His voice is quiet. Steady. The voice of an eighteen-year-old who has lived inside this family's wreckage long enough to understand that some truths belong to the people who carry them, and taking that away — even with good intentions — is its own kind of violence.

I hold his gaze and do not push. Yet.

What Guido Gives Her Instead

"I know it's his," I say. "But I need to understand what I'm walking into."

Guido's fingers drift to a pawn on the edge of the board. He does not pick it up. He touches the flat top with his thumb — a reflex, a grounding gesture, the way Tomás touches his rocket nightlight before he closes his eyes.

"You're not walking into anything, Nova. You're already in it." His voice carries the specific authority of someone who has earned the right to speak about being inside something you didnot choose. He was born into this. Carried across the threshold of the Rivas world at sixteen by a mother who loved him enough to fight a dead man's sons for a seat at the table. He did not ask for Giovanni's blood. He did not ask for the wars it started. He swallowed all of it because the alternative was disappearing — and Guido learned from Zina that disappearing is a weapon you aim at yourself.

"He flinches," I say. "Every time someone says Giovanni's name. His whole body locks and then the grin comes and he redirects. I've been watching it for weeks."

"I know."

"You've seen it too."

"Everyone has seen it. Santino manages around it. Dante reads it from across rooms. I watch it happen and I remember what my mother told me before she sent me back to them." He pauses. Moves the pawn forward one square. Always forward. "She said Romeo loved harder than any of them. That he would rather set himself on fire than watch someone he loved get burned."

The words land in my ribs. I grip my coffee mug tighter because my hands want to shake and I will not give them permission.

"Whatever he's carrying," Guido says, his dark eyes steady on the board, "he did it for me. And for Dante. I don't know the operational details. Santino has never told me and I have never asked because some doors stay closed until the person inside is ready to open them." He lifts his gaze back to mine. "But I know the shape of it. And the shape is a seventeen-year-old kid who watched his father do something unforgivable and decided the only way to stop it was to reach outside the family."

My breath catches. The kitchen holds the sound — a small hitch, barely audible, swallowed by the hum of the refrigerator and the distant tick of the security system behind the walls.

Giovanni did something. Romeo tried to stop it. And whatever Romeo did to stop it led to the night the King died.

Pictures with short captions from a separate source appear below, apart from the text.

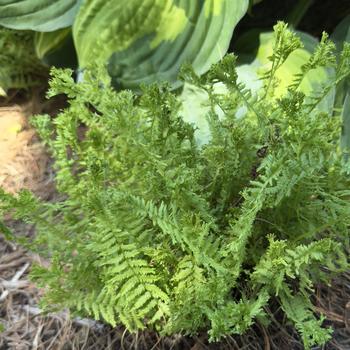 Athyrium filix-femina 'Fronds Forever' (303627)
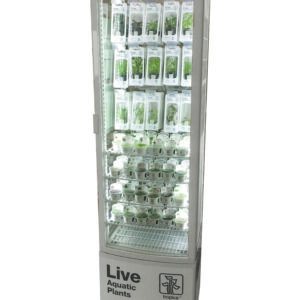 Tropica Glass Display Cooler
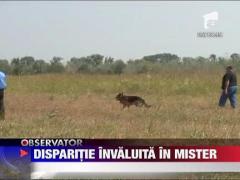 Un prahovean a disparut dupa ce a fost sechestrat o noapte ‎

"He deserves the chance to tell you himself," Guido says again. Quieter this time. The repetition is deliberate — he is placing the words on the counter between us the way he places chess pieces. With precision. With the understanding that where something sits on the board determines everything that follows.

I nod. "I know he does."

"Then ask him." Guido picks up his coffee. Takes a sip. Sets it down with the careful economy of movement I have watched Dante deploy — the Rivas inheritance of making every gesture count. "Ask him and stay long enough to hear the whole thing. He will try to give you a piece of it. A version. Something that sounds like the truth but has the worst parts sanded down."

"I know how he operates."

"Then don't let him." His eyes are fierce now — the warmth burned off by something harder, something that looks like the protective fury of a brother who understands that Romeo's silence is killing him and the only cure is a woman stubborn enough to sit through the hemorrhage. "He will tell you and then he will wait for you to leave. That's what he expects. That everyone leaves once they see what's underneath."

The words hit me with the force of a hand against my chest. Because I know that expectation. I have lived inside it. I watched my mother perform love for a week and vanish. I spent two years expecting every good thing to disappear because every good thing always had.

Romeo expects me to leave.

He has been expecting it since the night he proposed — since the courthouse, since the penthouse, since every time he reached for me in the dark and held on like a man clinging to something he already believes is temporary.